Alternative method to rent for alleviating the 'large and growing data' problem


#1

I’ve read as deeply as I can into the not-yet-formally-proposed ‘rent’ model, and I wonder if there has been much discussion about alternative methods of alleviating the problem that rent is trying to solve.

I understand that rent is trying to solve the ‘long-term’ storage problem, but perhaps the promise of long-term storage itself is the problem. If the (implicit?) promise of long-term storage were removed, dApp developers would be forced to respond to that context by providing long-term storage themselves. In other words, they would have to write their smart contracts knowing that the data stored there had a lifetime. Instead of providing a rent mechanism, which seems wildly complicated (from a user perspective, not so much a developer perspective), perhaps a simple “old-data-will-be-evicted” policy would suffice.

If this were the case, the size of the chain data would stop growing at a certain point (all the blocks are full – new data is added to the head, old data falls off the tail).
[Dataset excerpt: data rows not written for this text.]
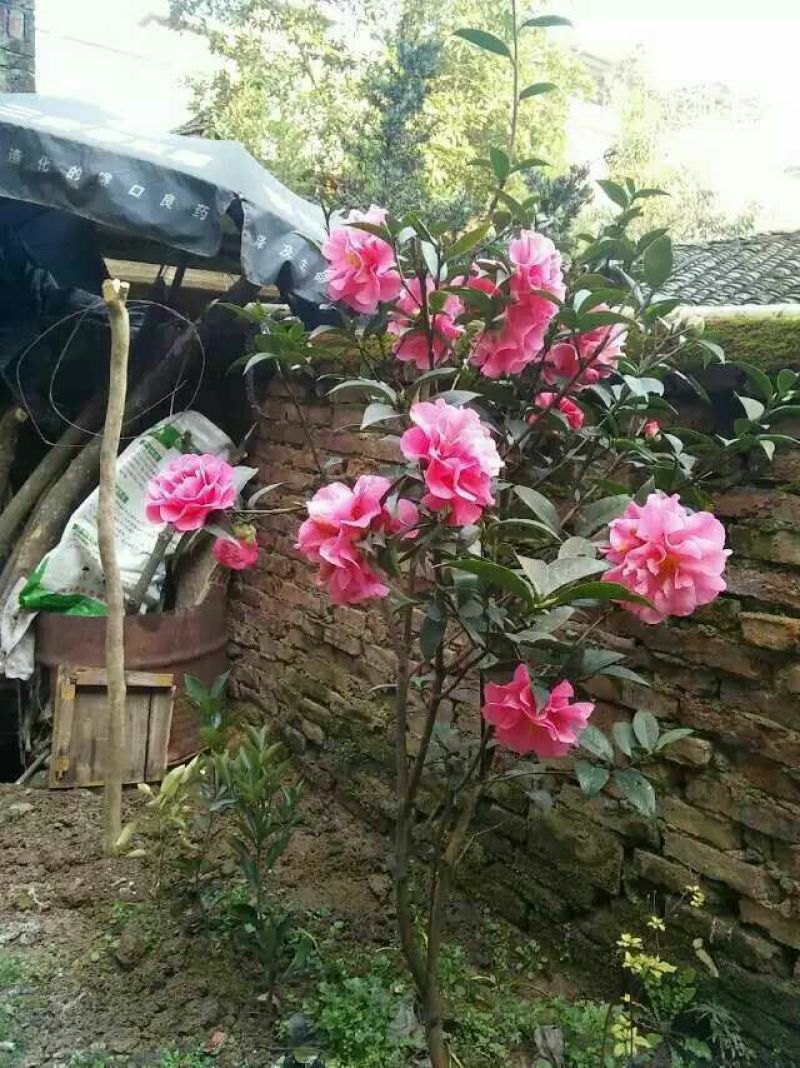 茶花球100~140cm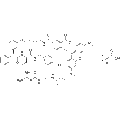 Y1R probe-1 – Figure 1 of 1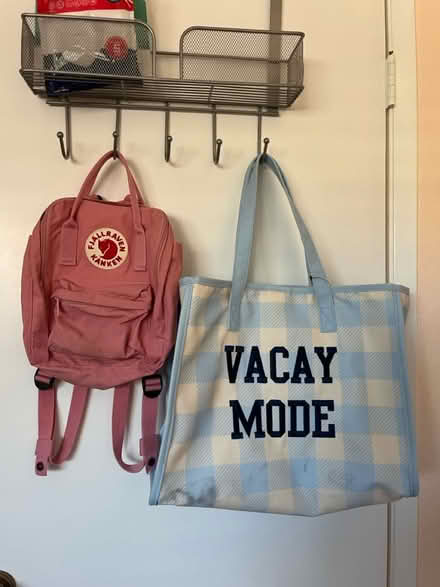 Photo of free 2 bags (Berryessa) #1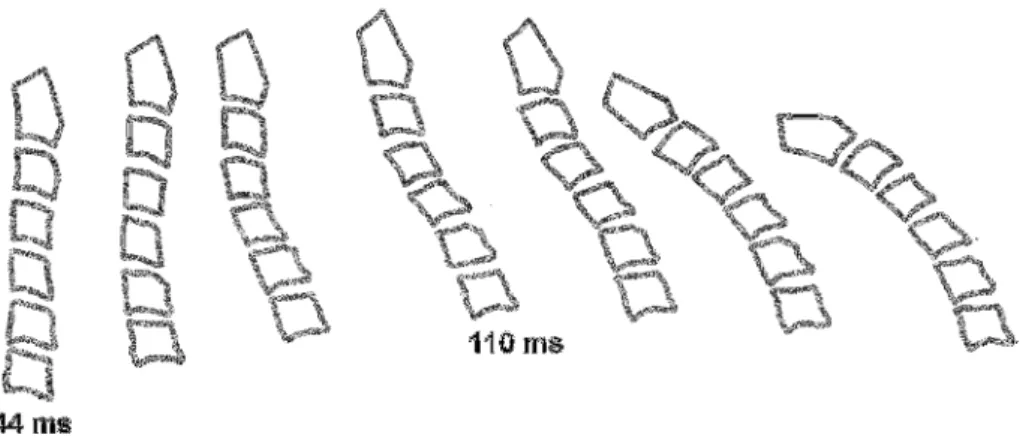 Fig. 15. Schéma représentant la réponse cinématique du rachis cervical à une simulation de choc arrière  (d’après Kaneoka et coll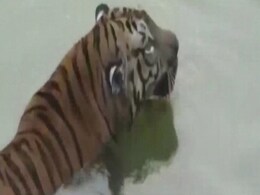 शिकार के बाद आराम करने के लिए नदी में कूदा बाघ, चट्टानों में फंसा और फिर हुआ ऐसा... शिकार के बाद आराम करने के लिए नदी में कूदा बाघ, चट्टानों में फंसा और फिर हुआ ऐसा...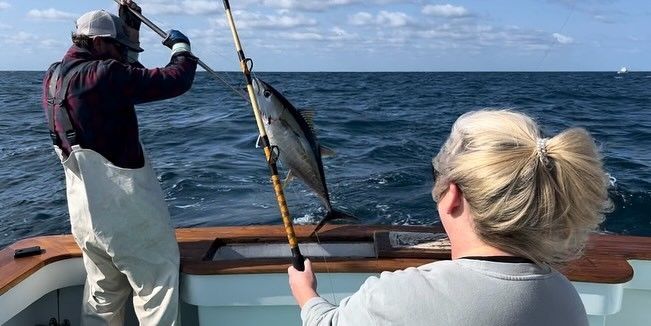 Roankoe Sportfishing Wanchese NC Fishing Charters | Private 6 Hour Trip Nearshore fishing Inshore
Perhaps it’s a less useful system, but at least it won’t suffer from a problem that I foresee if a rent model prevails. My concern is that, over time, under a rent model, the entire chain will become “pay-to-play” making usage by those with lower resources more and more out of reach. This will create two sets of participants (haves and have-nots), which will kill any chance of building systems that maximize benefit for each individual and all participants at the same time (perato-optimal systems).

Yes – it’s likely I don’t know what I’m talking about, but I haven’t seen anyone else ask, so I thought I would.
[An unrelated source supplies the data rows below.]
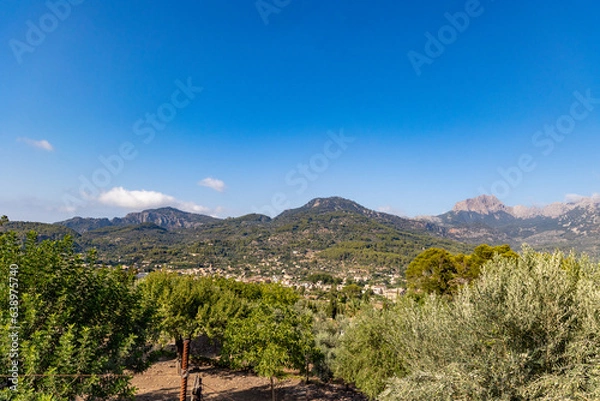 Obraz A plantation of trees with a town at the skirt of a mountain range in the background on a sunny day with blue skies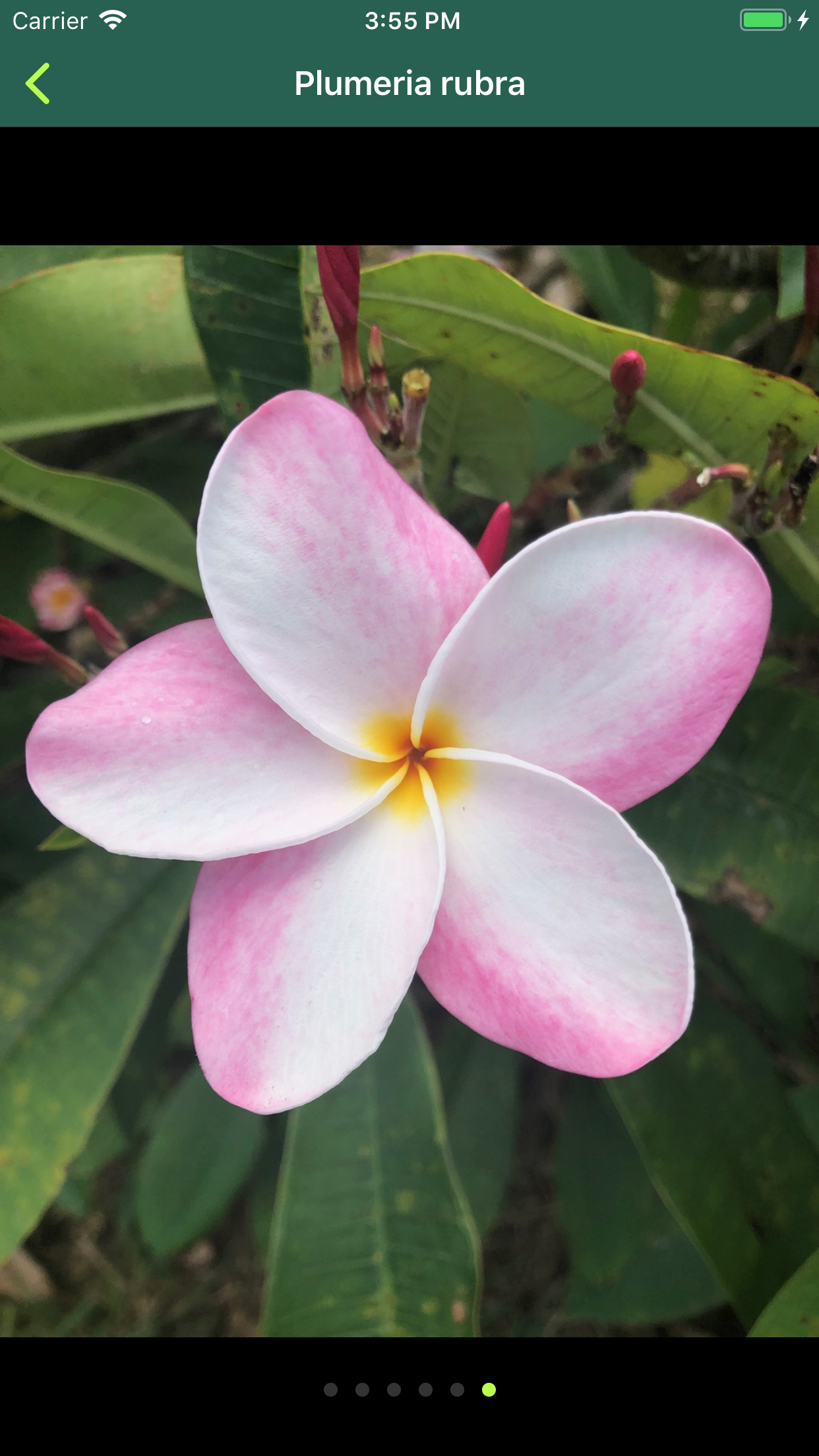 Sprouted gallery image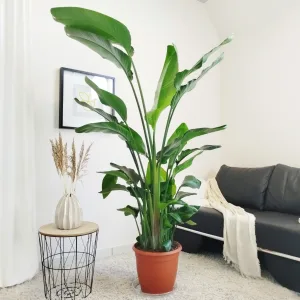 Strelicja biała (Strelitzia nicolai) 180cm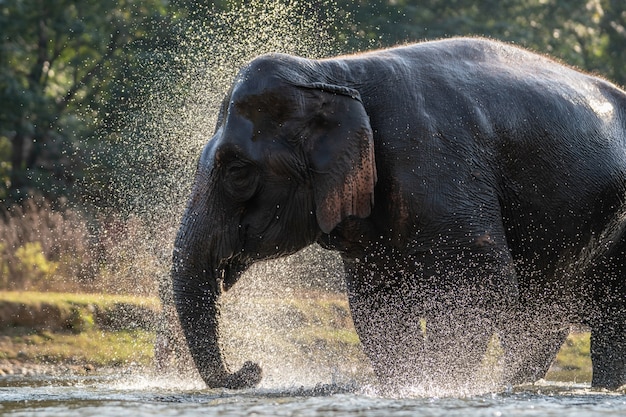 Splash water on elephant bath time.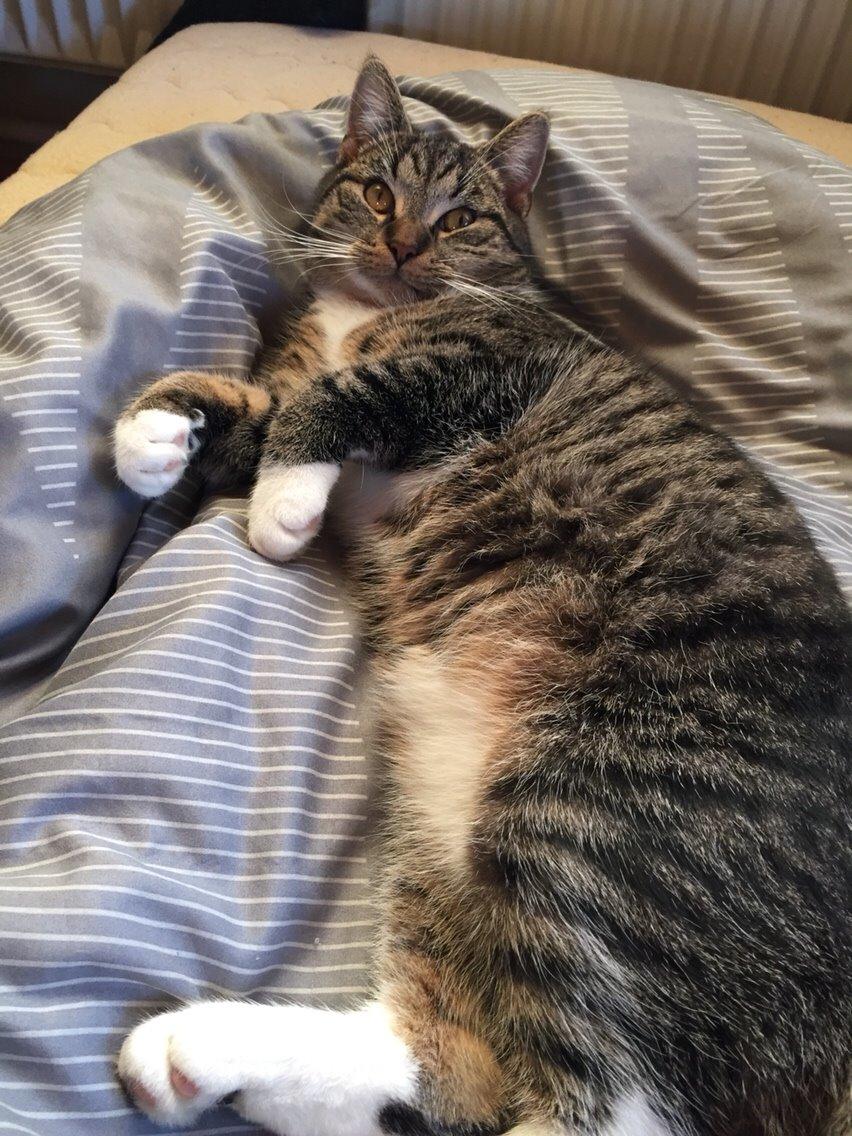 Huskat Tonser billede 42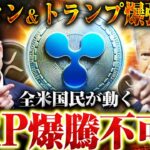 【XRP(リップル)最新情報】ETF承認とトランプ＆イーロンマスクの仮想通貨政策でXRPが爆上げ間近！【ビットコイン】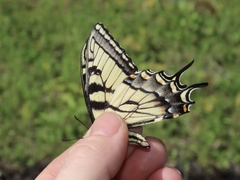 Papilio appalachiensis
Were alternatives to the rent model discussed and rejected? Or was the rent model the only alternative suggested to solve the ‘data is growing too fast’ problem? Are there other ideas to solve the problem?


#2

I think state rent is simply a proposal that is being tested, I don’t think it’s officially going to be implemented on the main chain. https://en.wikipedia.org/wiki/Cache_replacement_policies has a list of cache eviction policies, if they were going to implement one, I’d imagine it would be the least frequently used data policy, as it’s the most consumer friendly.

That said, a block chain is not a cache, it should be immutable and data should never be changed or removed without a secured and recorded transaction driving it. If it doesn’t meet that standard, you can’t really trust it. There is really only one solution to this problem, distributing the data. That covers things like off-chain processing, lightning, plasma, sharding, IPFS, etc. It’s a hard problem, but it’s been solved in other contexts before, it will be solved again in the crypto space.
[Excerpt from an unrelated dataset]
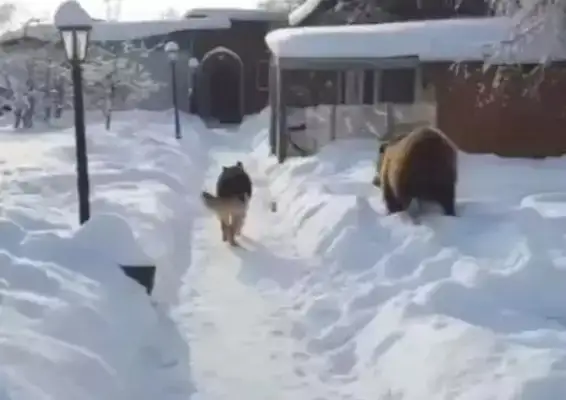 When you see a bear looking for his own game, the dog turns around and runs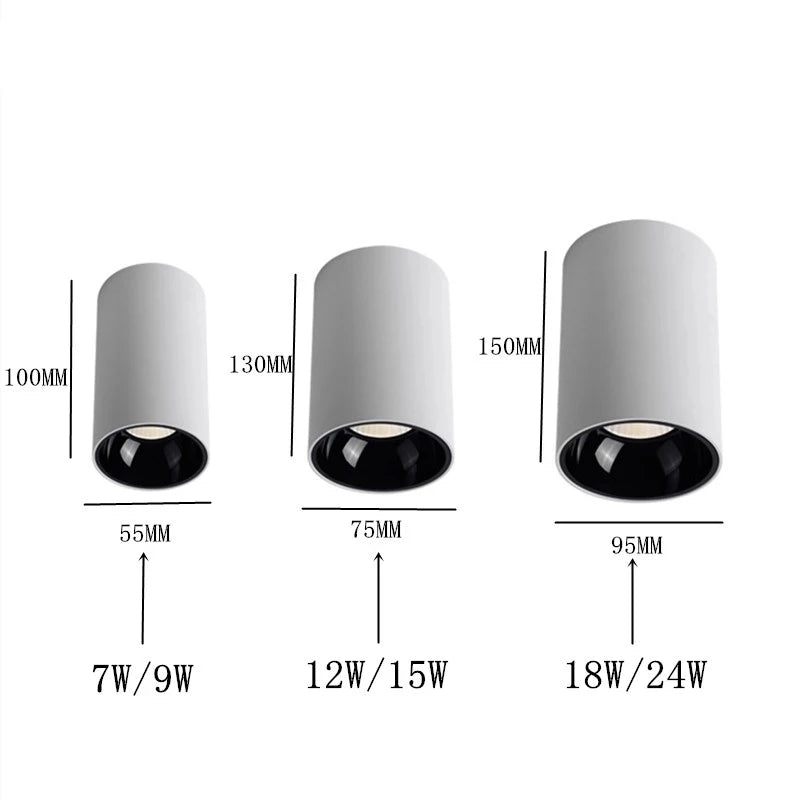 Ronde Cob Plafondlampen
We aren’t that far away from standards that allow blockchains to interact, cooperate, and affect change… state arbitrage is possible. Seriously, this is a smaller issue than people are making it out to be.


#3

First of all, thank you for reading the rent proposal! The next revision should be much simplified.
Alternatives to rent certainly exist. I must admit that I did not spend a lot of time searching for them, because I figured that if I did that, I would not have produced rent proposal yet. And also I thought that other people will kindly point me to the alternatives (which is what you are trying to do, thank you!)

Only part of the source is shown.